Mais c'est dans toute l'Afrique du Sud que la question va être posée.

 


La question du parti révolutionnaire


Quels que soient les combats à venir, inévitables, la question du parti révolutionnaire reste entière. Les élections ne sont pas une fin, mais – parce qu'il s'agit d'un ébranlement de toute l'Afrique du Sud – un commencement. Néanmoins rien ne pourra être conclu si n'est pas construit un parti révolutionnaire. Son engagement passe par la mise en avant, en particulier, de mots d'ordres transitoires adaptés à la nouvelle situation : revendications économiques (salaires, emplois, santé… ), réforme agraire, expropriation des grands moyens de production, désarmement des milices blanches, de la police et de l'armée blanches.
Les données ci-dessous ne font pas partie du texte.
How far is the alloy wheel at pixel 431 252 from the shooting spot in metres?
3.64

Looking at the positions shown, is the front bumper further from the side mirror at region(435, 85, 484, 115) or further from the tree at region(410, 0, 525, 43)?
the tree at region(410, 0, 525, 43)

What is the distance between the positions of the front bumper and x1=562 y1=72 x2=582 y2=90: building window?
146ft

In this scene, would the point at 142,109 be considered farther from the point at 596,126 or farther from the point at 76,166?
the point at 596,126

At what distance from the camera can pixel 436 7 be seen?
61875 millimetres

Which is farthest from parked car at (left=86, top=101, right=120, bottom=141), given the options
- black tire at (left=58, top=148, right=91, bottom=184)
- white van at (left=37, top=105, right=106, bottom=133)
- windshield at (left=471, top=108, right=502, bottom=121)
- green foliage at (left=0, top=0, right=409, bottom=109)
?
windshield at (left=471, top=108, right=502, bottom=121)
Tous ces mots d'ordre sont unifiés par l'existence d'une majorité de l'ANC. L'ANC n'est pas une organisation ouvrière, c'est une organisation petite bourgeoise dont le programme est un programme de défense du capitalisme et de l'Etat colonial. Mais il s'agit de la lutte du peuple noir pour son indépendance nationale, d'un de ces pays où des mots d'ordre comme celui d'Assemblée nationale souveraine ou constituante peuvent être nécessaires, alors que de tels mots d'ordre sont inacceptables dans les pays où ont eu lieu des révolutions bourgeoises, où les questions de l'indépendance nationale, des libertés démocratiques, de la terre ont été résolues. La majorité acquise par l'ANC exprime la volonté des masses noires que soit réalisé le pouvoir noir. Alors !


L'ANC a la majorité, qu'elle prenne le pouvoir ! Que la majorité à l'Assemblée se déclare souveraine, rompe avec la bourgeoisie blanche, rejette la constitution négociée !


De tels mots d'ordre ne sont que des mots d'ordre transitoires, qui ne peuvent suffire comme programme pour une organisation révolutionnaire qui reste à construire : mais ils seraient de nature à permettre à une organisation révolutionnaire de sortir de son isolement et aux masses de se libérer de la tutelle de l'ANC tout en leur offrant une issue.